¹ Program in Immunology, Clinical Research Division, Fred Hutchinson Cancer Research Center; and ² Tumor Vaccine Group, Division of Oncology, University of Washington, Seattle, Washington

Requests for reprints: Wei Wang, Clinical Research Division, Fred Hutchinson Cancer Research Center, 1100 Fairview Avenue North, Seattle, WA 98109. Phone: 206-667-4181; Fax: 206-667-7983; E-mail: wwang{at}fhcrc.org.

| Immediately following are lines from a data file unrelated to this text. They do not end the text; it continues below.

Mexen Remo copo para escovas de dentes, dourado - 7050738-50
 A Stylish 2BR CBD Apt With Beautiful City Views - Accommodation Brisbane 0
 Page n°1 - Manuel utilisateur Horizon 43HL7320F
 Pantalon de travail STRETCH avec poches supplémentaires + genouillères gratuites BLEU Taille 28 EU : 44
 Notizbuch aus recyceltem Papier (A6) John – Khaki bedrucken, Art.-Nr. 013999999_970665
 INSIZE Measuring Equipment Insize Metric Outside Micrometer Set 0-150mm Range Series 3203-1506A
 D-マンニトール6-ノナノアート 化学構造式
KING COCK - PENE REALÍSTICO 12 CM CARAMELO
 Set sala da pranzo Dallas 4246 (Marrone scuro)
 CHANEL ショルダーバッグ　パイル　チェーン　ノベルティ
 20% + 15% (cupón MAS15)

Immunotherapy for breast cancer using cytotoxic T cells (CTL) is hindered by the lack of well-characterized breast cancer antigens that are expressed in most breast tumor cells and recognized by CD8⁺ CTL. A recently described breast tissue differentiation antigen, NY-BR-1, is expressed in >80% breast tumors and elicits a humoral response in a subset of breast cancer patients. To identify potential NY-BR-1 epitopes that are recognized by CTL, CD8⁺ T cells were stimulated in vitro with autologous dendritic cells pulsed with NY-BR-1 peptides that were predicted to bind to HLA-A2. In multiple normal female donors and breast cancer patients, specific CD8⁺ CTL responses were detected by enzyme-linked immunospot assay against several NY-BR-1 peptides after two cycles of stimulation. CD8⁺ CTL clones against three NY-BR-1 epitopes were isolated and recognized peptide-pulsed target cells with high avidity. T-cell clones specific for one of the NY-BR-1 epitopes (p904) also recognized breast tumor cells expressing NY-BR-1, NY-BR-1^– cells transfected with a cDNA encoding the NY-BR-1 protein, and autologous dendritic cells pulsed with opsonized NY-BR-1⁺ breast tumor cells. Taken together, these results show that the p904 epitope derived from NY-BR-1 is efficiently processed and presented endogenously and identify NY-BR-1 as a promising target for T-cell–based immunotherapy for breast cancer. (Cancer Res 2006; 66(13): 6826-33)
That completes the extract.